Macrovision wants everyone to use Macrovision - and pay for the privledge. DVD producers want to buy low, sell high - and shelling out for Macrovision on a per disc basis is NOT buy low.
These days, the sheer quantity of material on a DVD relative to the price gives the package value. It doesn't need the same degree of protection as VHS tapes might have needed. Having spent all that money on content, and using a low-cost distribution system (the DVD, that is) content producers may be questioning or discovering that they don't need special protective mechanisms. Superbit DVDs only take this one step further, giving you a package that simply isn't worth trying to reproduce.
This is anathema to Macrovision. It wants "use Macrovision" to be a no-brainer decision. There is, as I understand it, a license provision for VHS recorders - in order to have the rights to use VHS technology, you had to respect Macrovision copy-prevention as well. Under such conditions, Macrovision could likely get by without either a marketing or advertising department.

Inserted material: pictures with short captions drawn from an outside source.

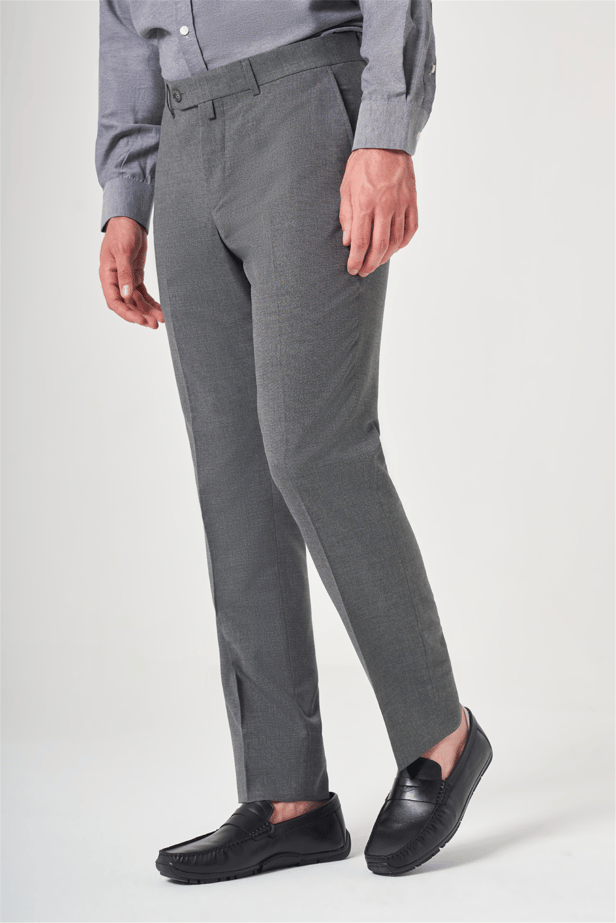 IMZA Men's Fil-a-Fil Slim Fit Stretch Classic Trousers – 1003260152
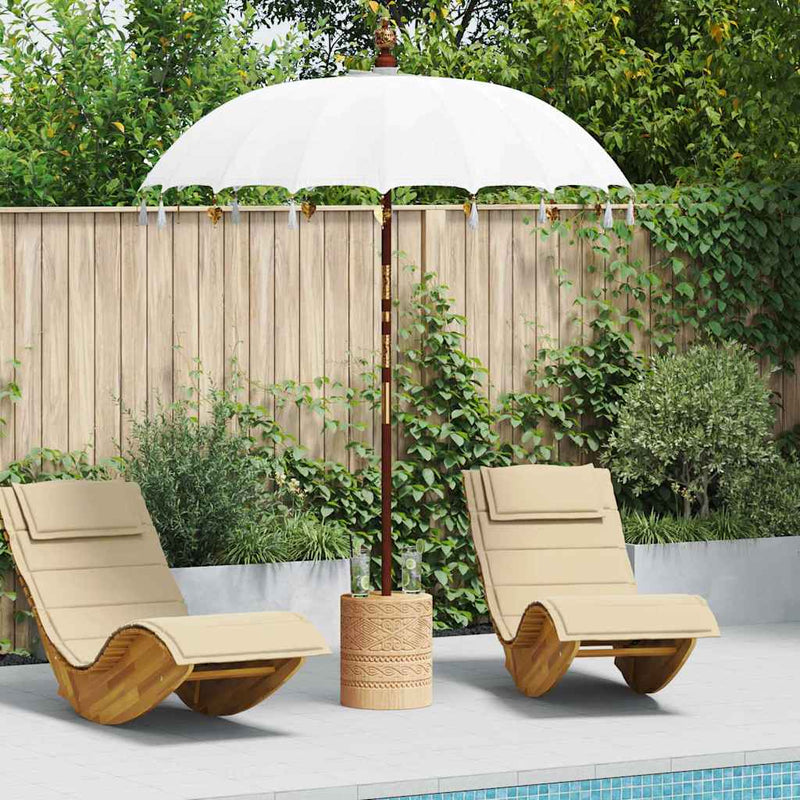 Load image into Gallery viewer, Vidaxl balinese parasol crème 190 x 190 x 260 cm
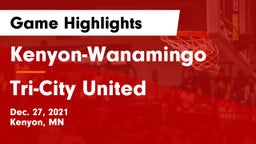 Kenyon-Wanamingo  vs Tri-City United  Game Highlights - Dec. 27, 2021
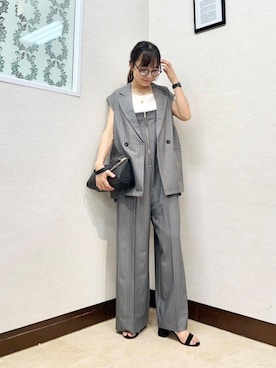 「アイテム（その他アウター）」を使った、MIYAZAKIさん（レディース・158cm）の夏コーディネート
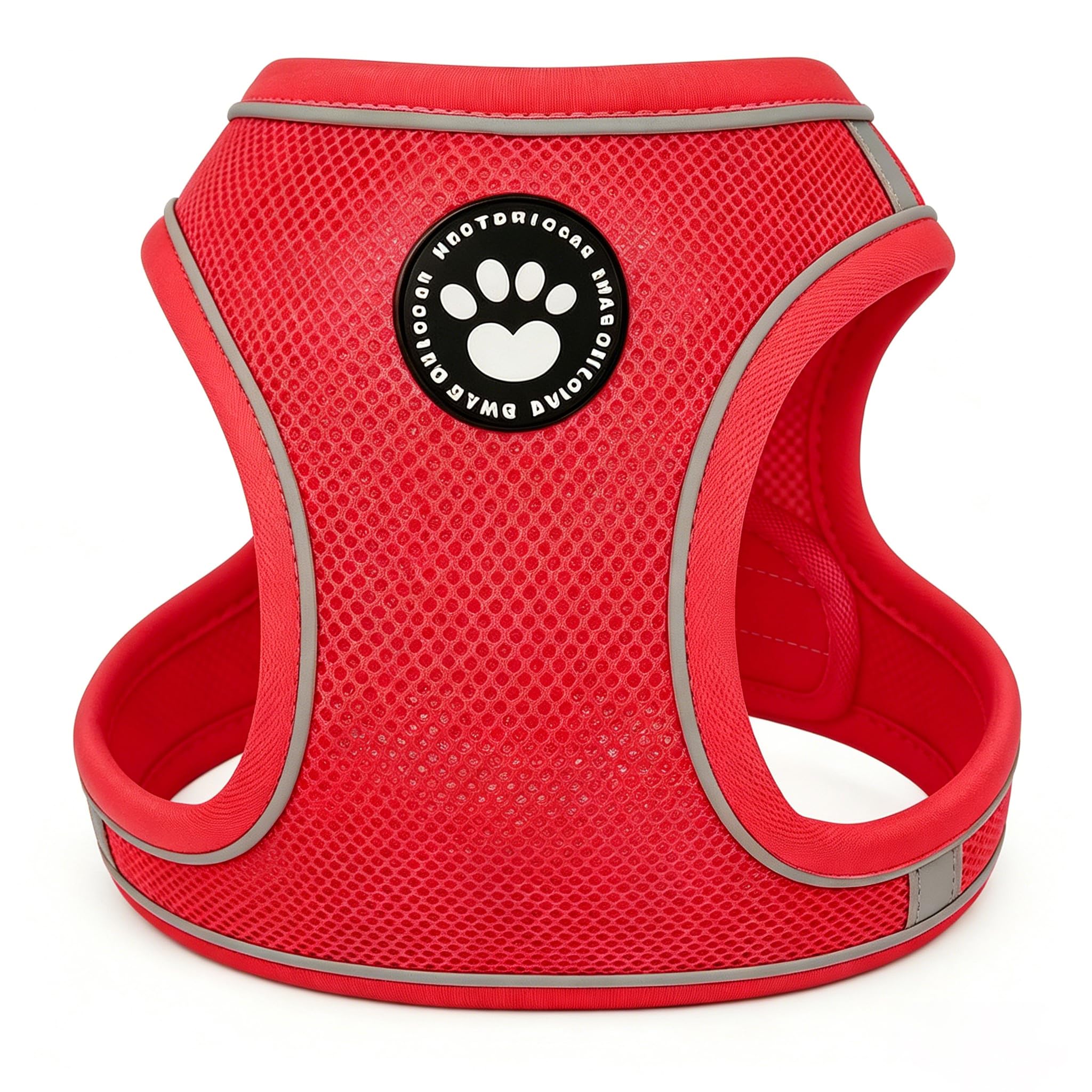 PaddingPaws Dog Harness Small Dog, Soft Mesh Breathable Puppy Harness, Waterproof, Reflective, No Pull, in Vest, Adjustable Harnesses for Dogs, Cats (Red-V2, XS)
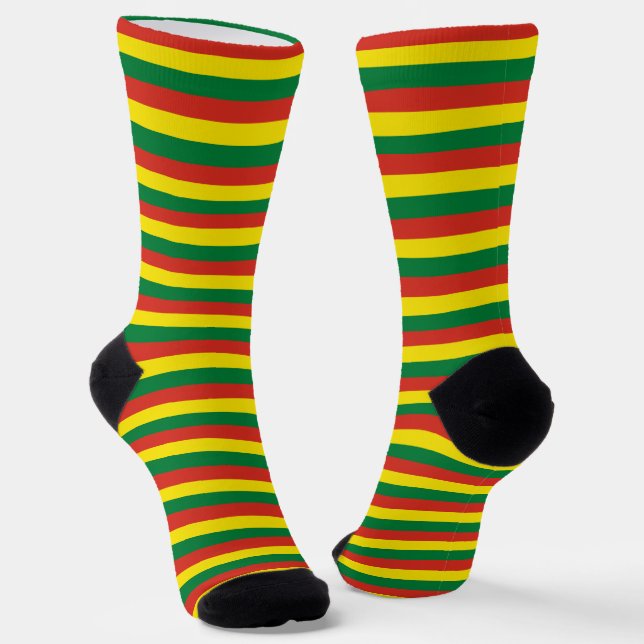 Chaussette Bolivia Socks, patriotique bolivienne Drapeau mode (Angulaire)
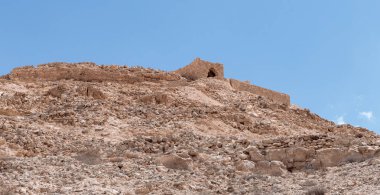 Nabataean şehir Avdat, Israil'deki Judean desert tütsü yolu üzerinde yer alan kalıntıları. Unesco Dünya Mirası listesinde bulunan.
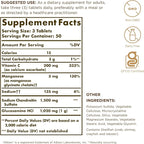 Solgar Extra Strength Glucosamine Chondroitin Complex - 150 Tablets - Supports Healthy Joints & Comfortable Movement - Non-GMO, Gluten Free, Dairy Free - 50 Servings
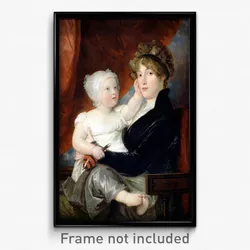 West, Benjamin - Mrs Benjamin West II with her son Benjamin West III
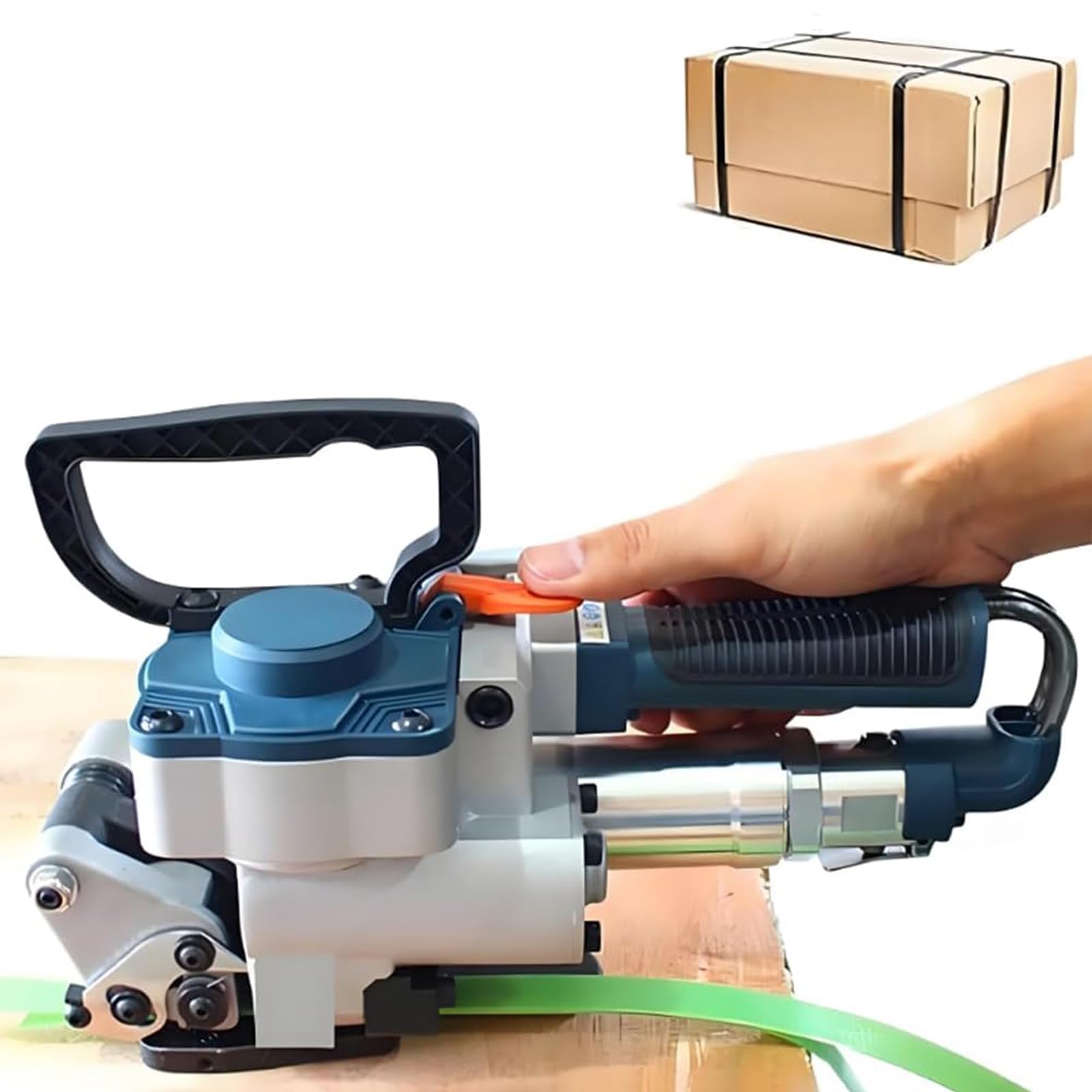 Wsexyy Handheld Pneumatic Strapping Tool, Pneumatic Strapping Baler Machine, for 13-19mm Width Belt, 3500N Max Tension, Welding Banding Packaging Tools for PP & PET Materials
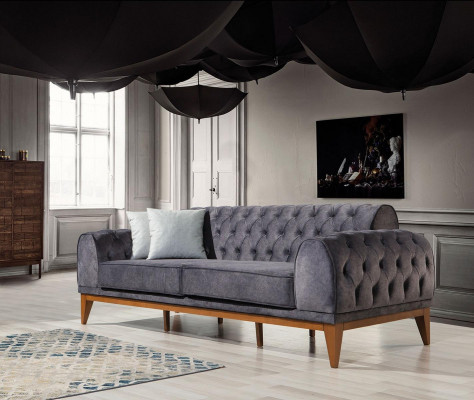 Moderne bankstel ontwerper driezitter fauteuil luxe 3-zits fauteuil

The final nail in the coffin is that almost nobody dumps DVD to VHS, except maybe for the spare VHS machine in the playroom. That's all that Macrovision prevents. It does nothing to stop DVD-to-VCD or DVD-to-DivX transfers, and it doesn't even enter into the picture when large scale illegal distributors manfacture bit-for-bit perfect copies. So, why pay for technology that doesn't solve a problem.